As for the G5 CPU, I noticed the same thing on my iMac G5 when I tried using the Live CD install.  Apparently, the thermal control kernel module for the CPU doesn't work as nicely as in OS X, so it turns the fans full on for a certain amount of time until the temp reaches a certain level and then the fans cut off.  This pattern repeats throughout the Live CD.  Although I couldn't get it installed with the Live CD, I'm sure the Alternate CD will work for me but I haven't tried that yet (planning on dual booting Ubuntu and OS X).  I'll let you know how that turns out.


----------



## Viro (Jul 24, 2006)

Linux has loads of problems with fan control on Macs. It seems that it's only got 3 modes. No fan, medium speed, high speed. My Powerbook used to run very loudly when running Linux. Doesn't cause any damage, but it really takes the fun out of computing when your machine sounds like a plane taking off.

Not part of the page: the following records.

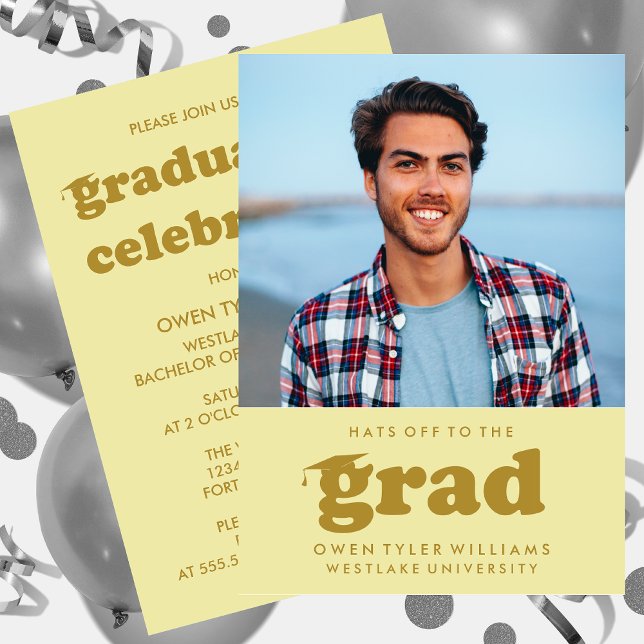 FET RETRO-HATT TILL GRAD PHOTO GRAD INBJUDAN (Skapare uppladdad)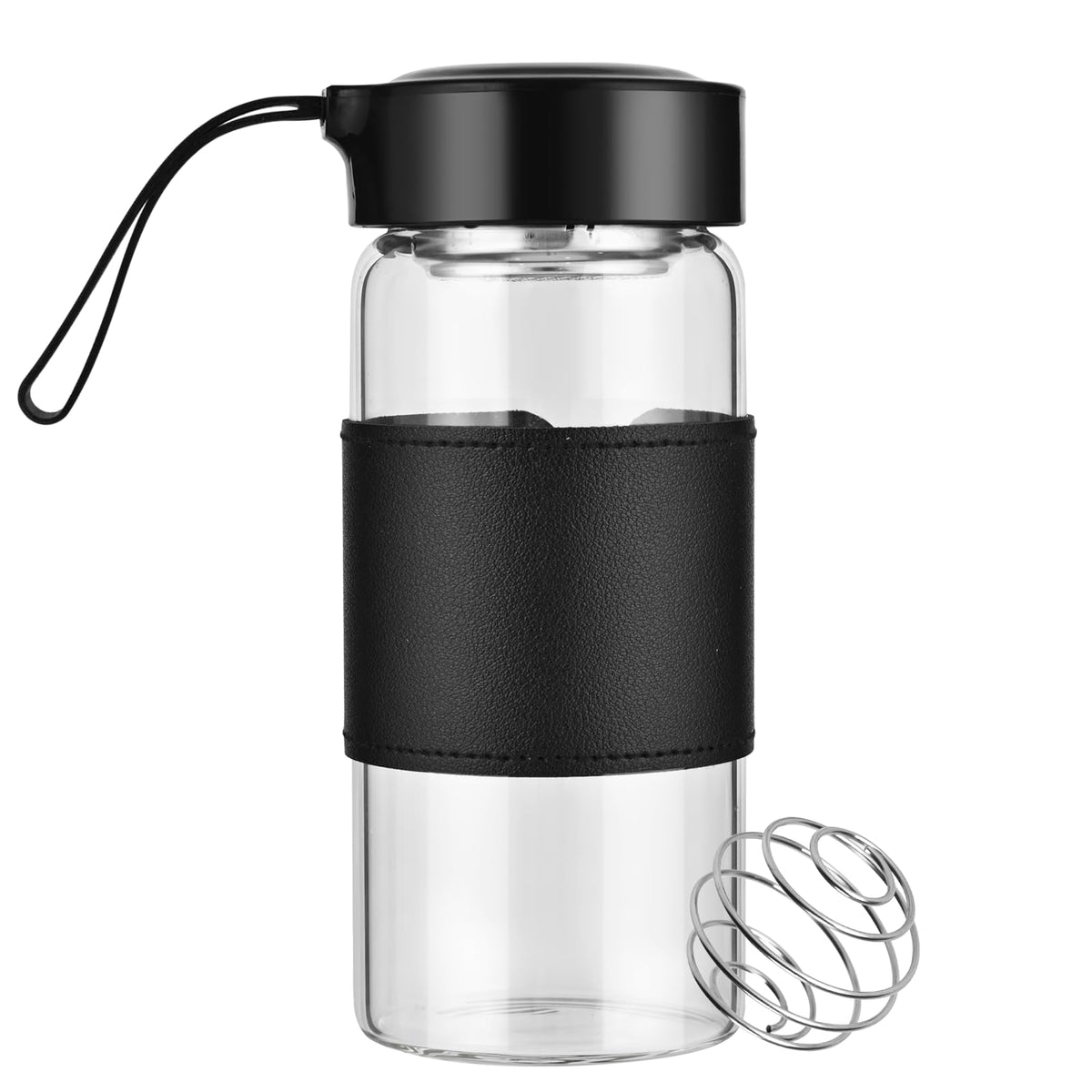 BNCWCQZ glass shaker bottle 16oz with wide mouth for easy powder addition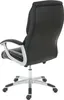 A black leather office chair is shown from the back, on a white background. Produktbild-Vorschau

I thought they had fixed the G5 fan issue, but apparently not.


----------



## nixgeek (Jul 24, 2006)

No, they still haven't.  While I haven't had any problems on the older New World Macs, I did have the problems that many have been complaining about with ESD on the iMac G5.  I tried to see if I could get to it by giving the kernel argument for init 1, but it still hung a few seconds after getting to the prompt.  I have yet to boot into it with the Alternate Install disc in rescue mode to disable ESD.  At the very least, I can always reinstall Ubuntu and then disable the settings for ESD before restarting the Mac.

If there's no cause for concern about damage regarding the fans, then I'll give it another go on the iMac G5.


----------